The handwriting is on the cyber wall: the future of books is here, and it’s not printed on paper. Bookstores of all sizes and selection are shaking in the shadows as Kindles, Nooks, iPads, smart phones, etc. etc. march into the market square to the din of cheering crowds!
I’ve retreated to my spare room where I crouch behind shelves of old favorites and fling out my weapons at the cyber newcomers—pages read from Dickens, Thoreau, Hugo, and Tolstoy. Where would we be without Dickens?!: “It was the best of times, it was the worst of times!”
My barricade is teetering. “It was the age of wisdom, it was the age of foolishness!” I knew I would be defeated before I began. Like the libraries that have become archival storage museums and electronic data bases for the New York Times and People magazine, I know “resistance is futile.” My voice is growing weak: “It was the season of Light, it was the season of Darkness!”

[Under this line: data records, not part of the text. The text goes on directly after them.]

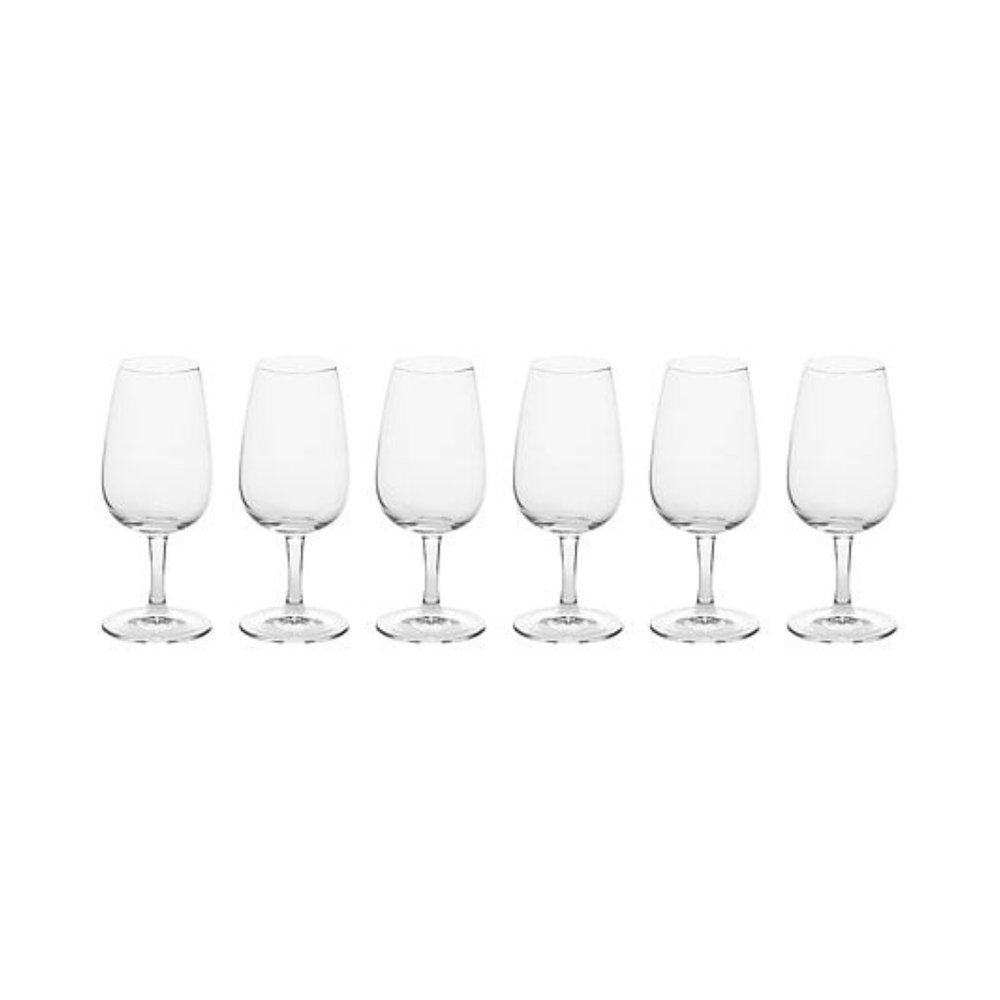 Alpha55 Lot de 6 Verres à Vin Viticole 21 cl en Verre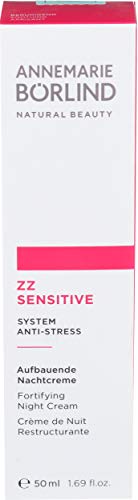 ZZ Sensitive Fortifying Night Cream crème de nuit apaisante et fortifiante Annemarie Börlind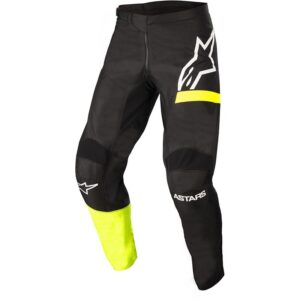 Pantalon cross Alpinestars Fluid Chaser avec panneaux extensibles et renforts aux genoux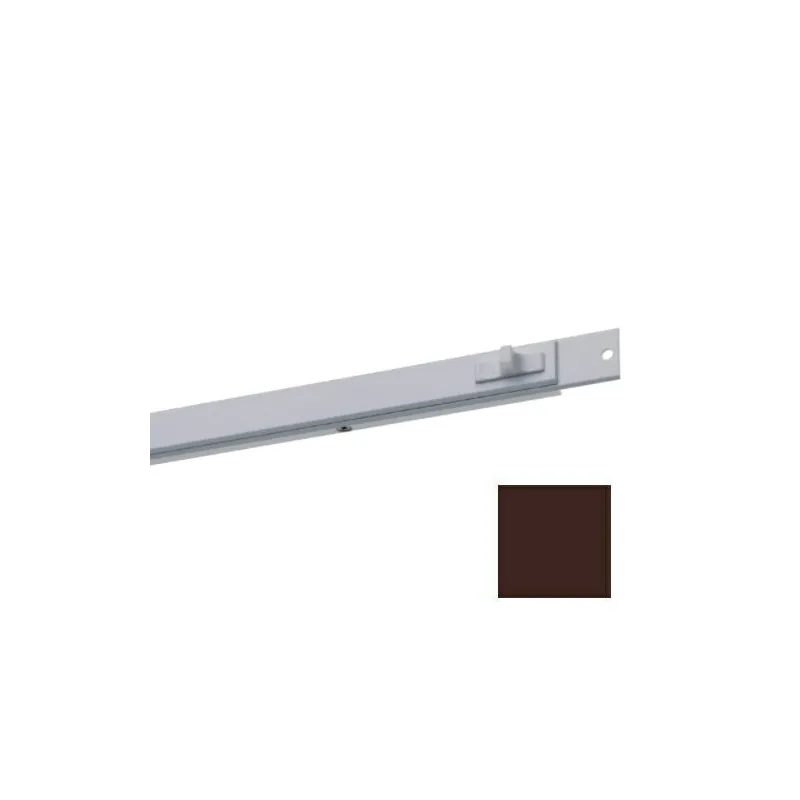 Nawiewnik aluminiowy 835mm brązowy 8600EA wpuszczany/przykręcany mod. TV90 HL
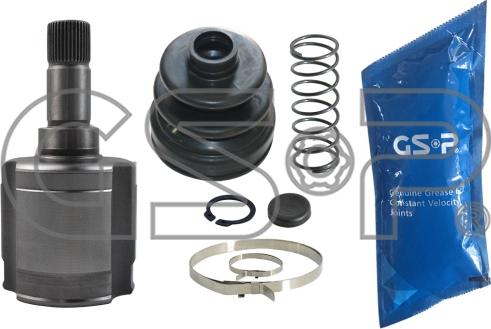 GSP 602363 - Kit giunti, Semiasse autozon.pro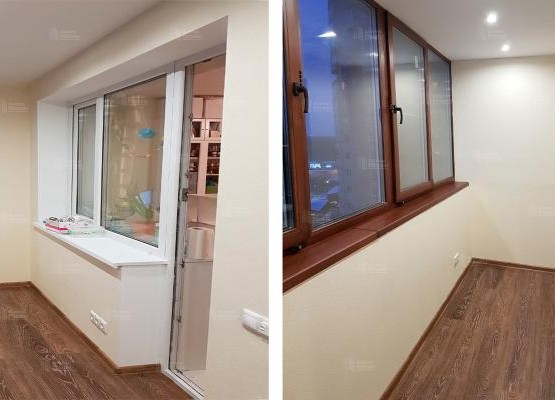 Цена на остекление лоджии с отделкой гипсокартоном, в которой тепло даже зимой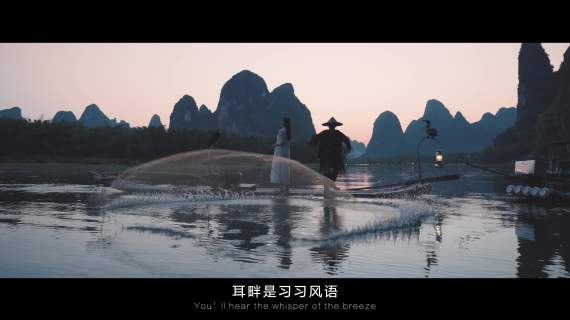 “看得见，摸得着，闻得到”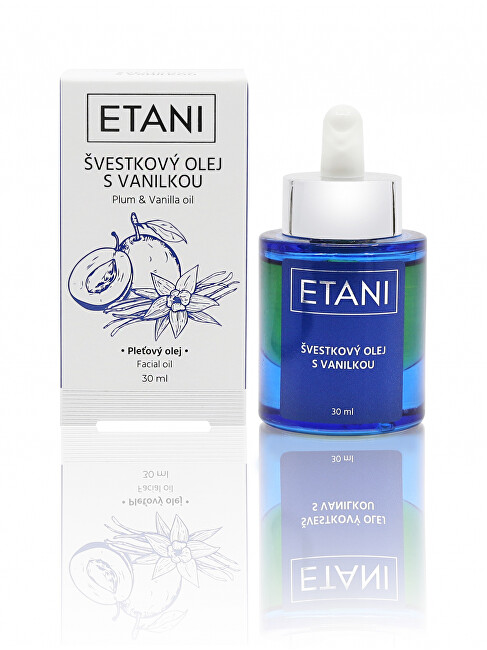 Zobrazit detail výrobku ETANI Švestkový olej s vanilkou 30 ml Zobrazit detail výrobku ETANI Švestkový olej s vanilkou 30 ml
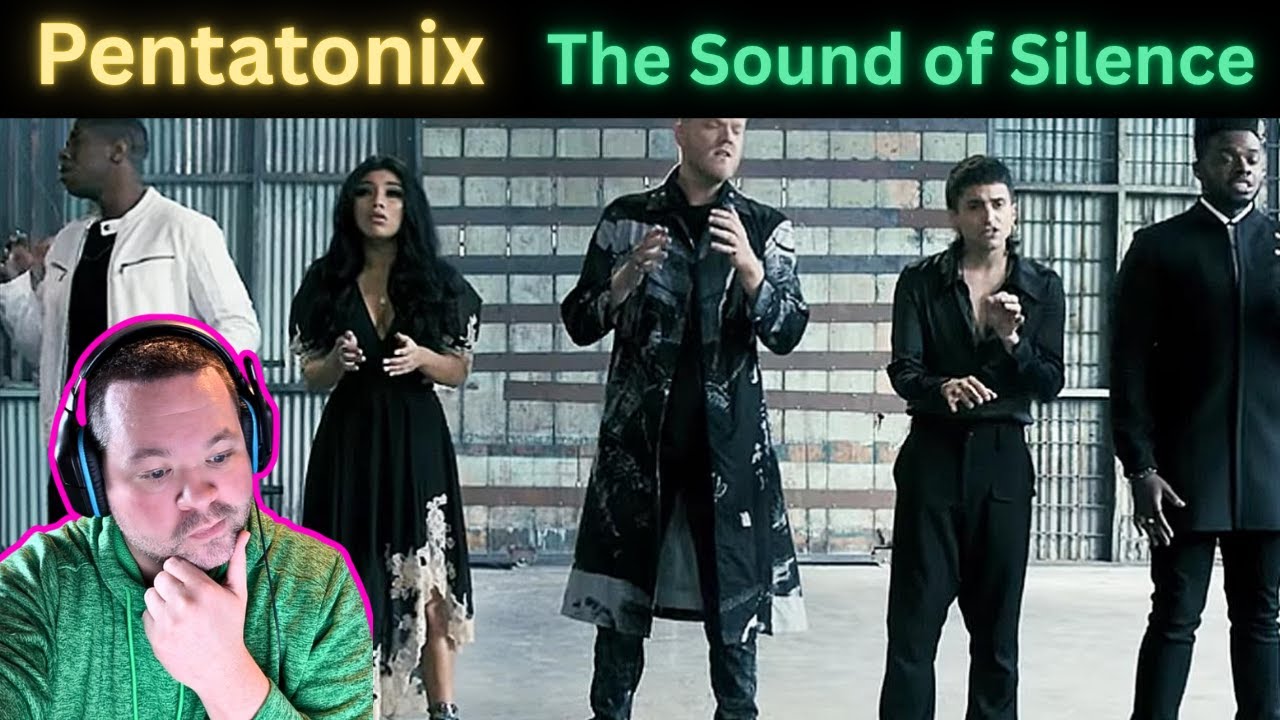 Pentatonix — The Sound of Silence (официальное видео) ВАУ! Реакция!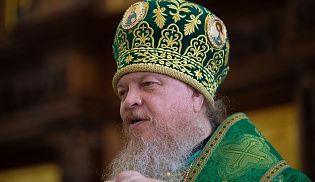 Епископ Алатырский и Батыревский Феодосий возглавил Престольные торжества в Свято-Троицком мужском монастыре города Алатырь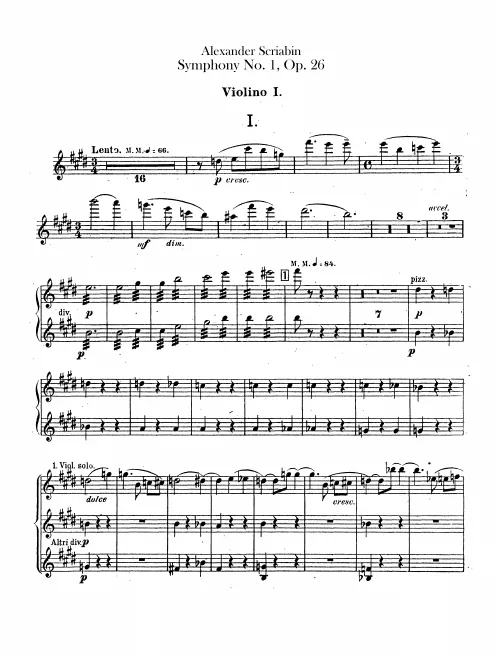 Violins I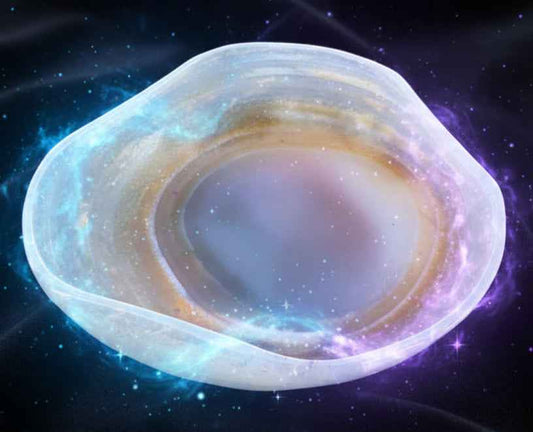Irregular Shape Agate Stone Bowl Crystal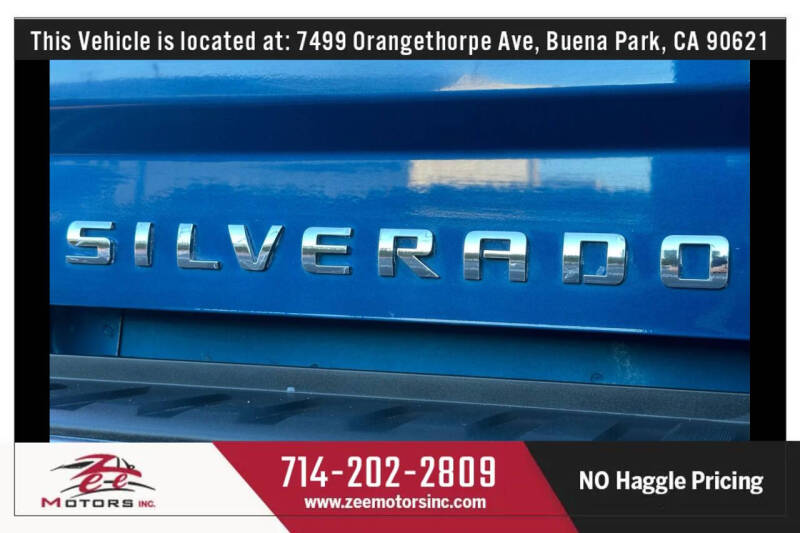 2017 Chevrolet Silverado 1500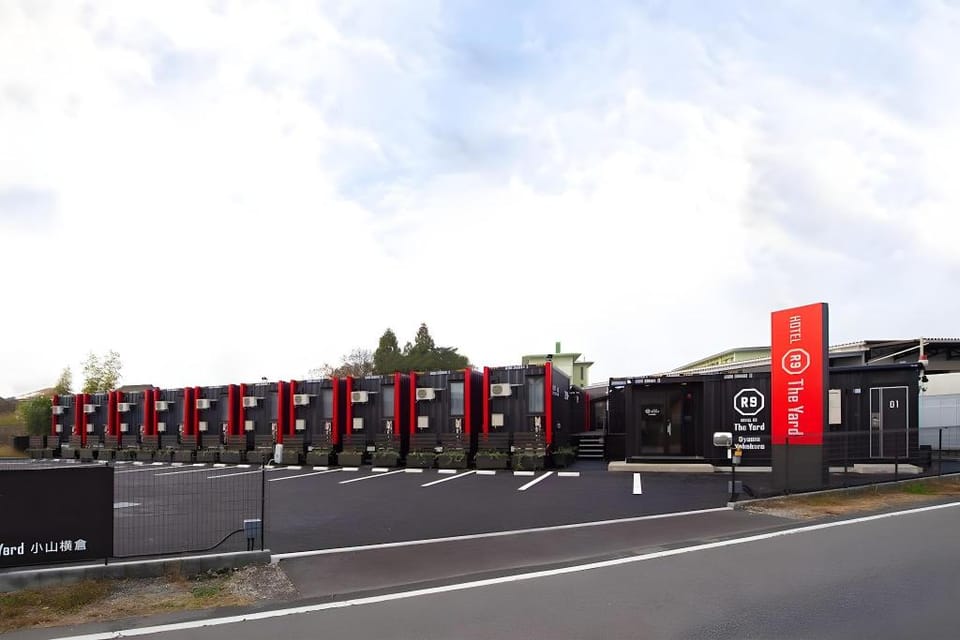 HOTEL R9 The Yard Oyamayokokura Hotel in Saitama Prefecture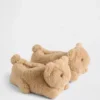 Brannan Bear knusse pantoffels voor kinderen
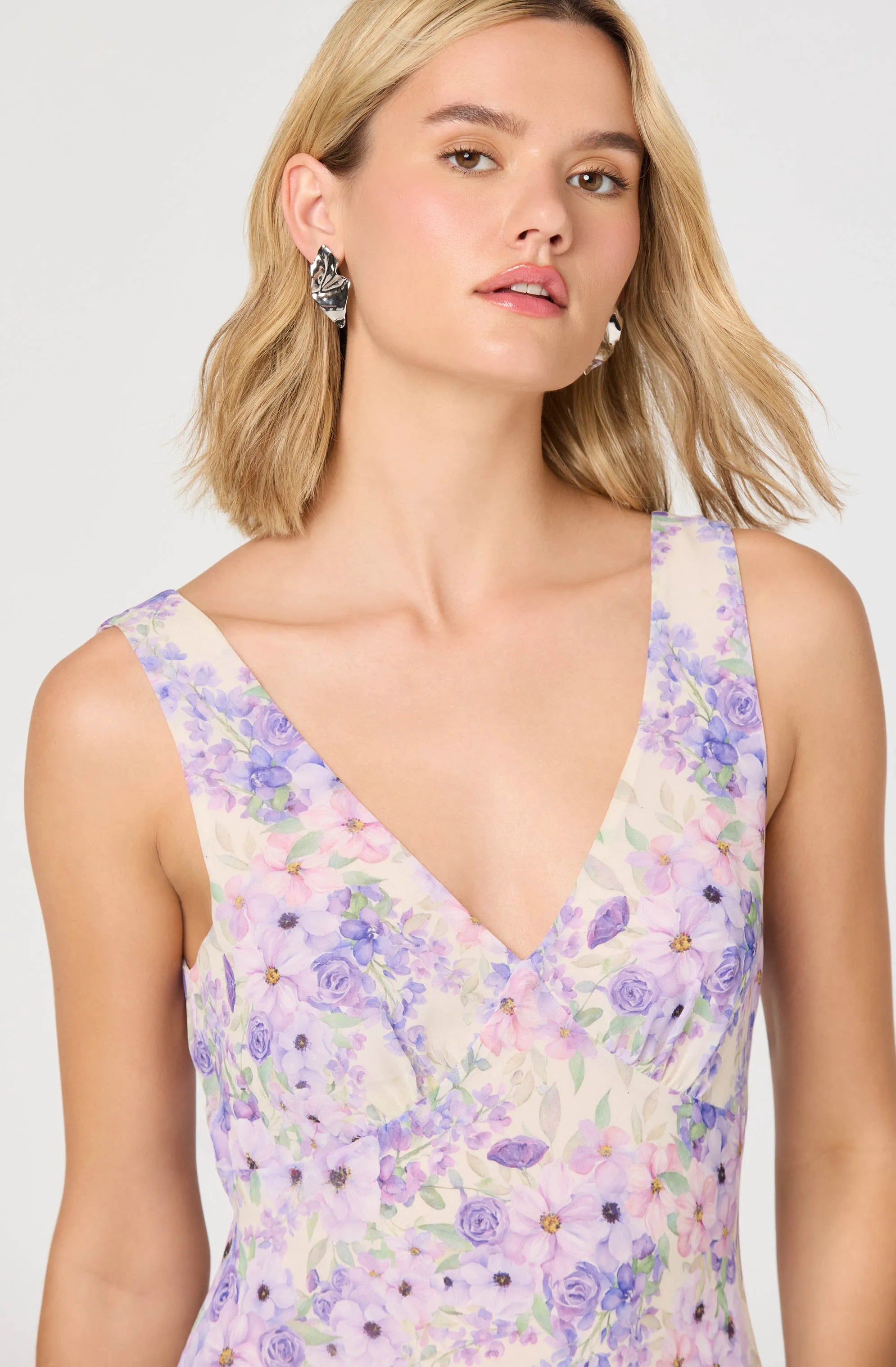 Purple floral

I’m fairly certain my grandchildren will read most of their stories from an electronic device. They may never experience sitting among bookshelves in a brightly colored children’s section while a lady reads to them:
“There was once a velveteen rabbit, and in the beginning he was really splendid. He was fat and bunchy, as a rabbit should be; his coat was spotted brown and white, he had real thread whiskers, and his ears were lined with pink sateen.”
Will they really miss out if they snuggle on my lap in a large rocker while I read from a screen? It’s the magic of the words that matters—not the delivery system. Still, I relate to the keepers of the library at Alexandria who must have watched in tearful despair as it burned! I offer their ghosts a moment of silence while the ashes of great words fall around us.
So what will I do with my lovingly kept books—the old fashioned kind where you can turn the page and not have to worry about sun reflection—the kind I could carry between my teeth to the branches of a tree and not worry about dropping a valuable piece of electronics—the kind that (with seven others) took up most of the room at my feet while travelling?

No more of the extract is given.